I wonder if the slag heaps couldn't tell us something? The flamed-out cinders of the steel business, now the well-drained foundations of many a housing plan or mall. I've always imagined the stuff had some greater significance. It looks like type when you pick it up. My fantasy is that if you could sort through all the piles, read which letter was which and arrange them as they were once set down, you'd get the unprinted, unfiled stories of all the people who toiled here and passed on.

The record of those who through the valleys and hollows made this place a legend of work, a byword for industry and craftsmanship. You'd hear language and accents recently forgotten. Learn histories untaught in schools. See pathways light up across the region that folks have lost the faith to use.

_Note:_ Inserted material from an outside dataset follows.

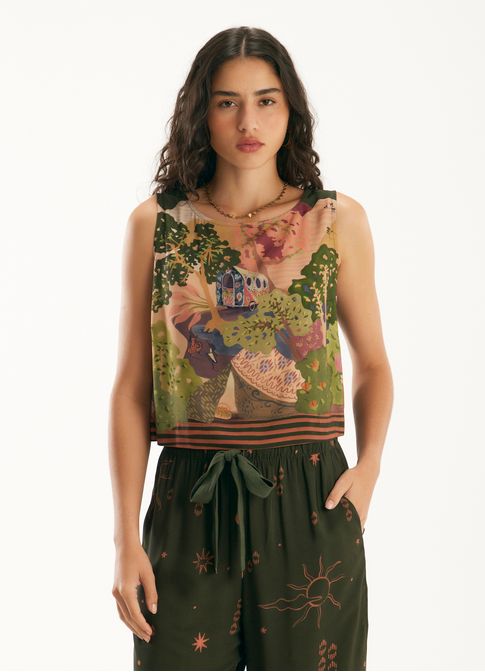 Blusa shell estampada zíngaro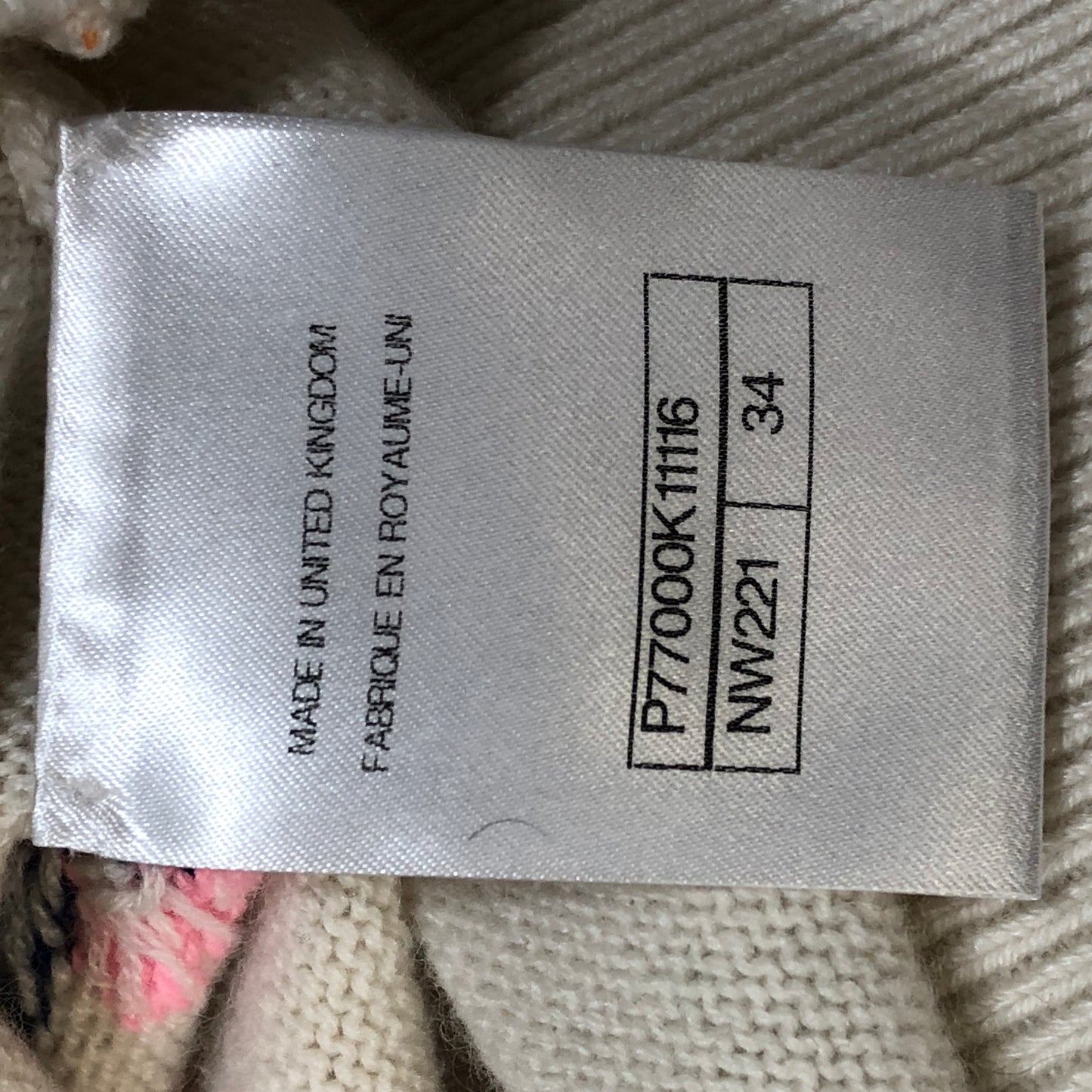 Chanel White Cashmere V-Neck Cardigan Multicolor Polka Dot Print Size 34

And isn't that what these artist types are doing? Aren't they following old trails, committing to "dead" or "troubled" neighborhoods, scratching at the varnish in some old house to see if there isn't some trace of the people, their people, who went before, kind of like the grooves cut onto the wax of an album.

It is out there. I see these many young and not-so young artists trying to invoke the Pittsburgh that lives within them -- rather than trying to act like the Seattle without.

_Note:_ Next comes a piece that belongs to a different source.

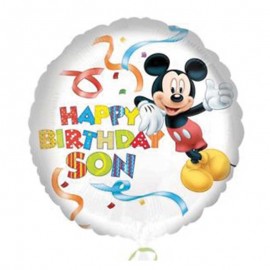 Balão Mickey Mouse Happy Birthday Son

Lighting small fires around the city to remind us the roads are still open.


I watched "The Deer Hunter" recently, the Michael Cimino film made in the late 1970s with Robert DeNiro, Meryl Streep and a host of other giants. It's set in the Mon Valley, Clairton mostly, with some South Side highlights (and an unforgivable interior that turned out to be a bar in Cleveland, but we'll forgive them that one).

The wedding scene in the film is what everyone remembers: a huge, operatic sequence of these Ukrainian kids tying the knot just before the men are about to ship out for Vietnam. By the end of it, everybody's drunk, dancing, laughing or crying. And then for some reason, the guy DeNiro plays decides to take off running through the streets of his hometown. His buddies trail him in their beat-up Caddy and watch as he starts inexplicably tearing off all of his clothes. What do you do with your drunk, naked best man sitting in the middle of the neighborhood basketball court at 3 in the morning? If he's also your best friend and you are Christopher Walken, you join him.

I say all this for one reason. These men, on the edge of the rest of their lives, with a ticket out through the war and through their own hopes for the future, sit on this dinky court and one of them says to the other, "It's all here, you know ... It's all here."

A nod.

"Yeah."


Whenever anyone asks me, "Why Pittsburgh?" or "What's there?" or "Aren't you glad you got out?", I shake my head. I tell them: "It's all here."

I've never found a better way to put it. I think -- no, I'm sure -- there are right now within a few miles of you as you read this, a hundred artists of all shapes and sizes working out a better way.

Find them. They may even remind you why you stayed.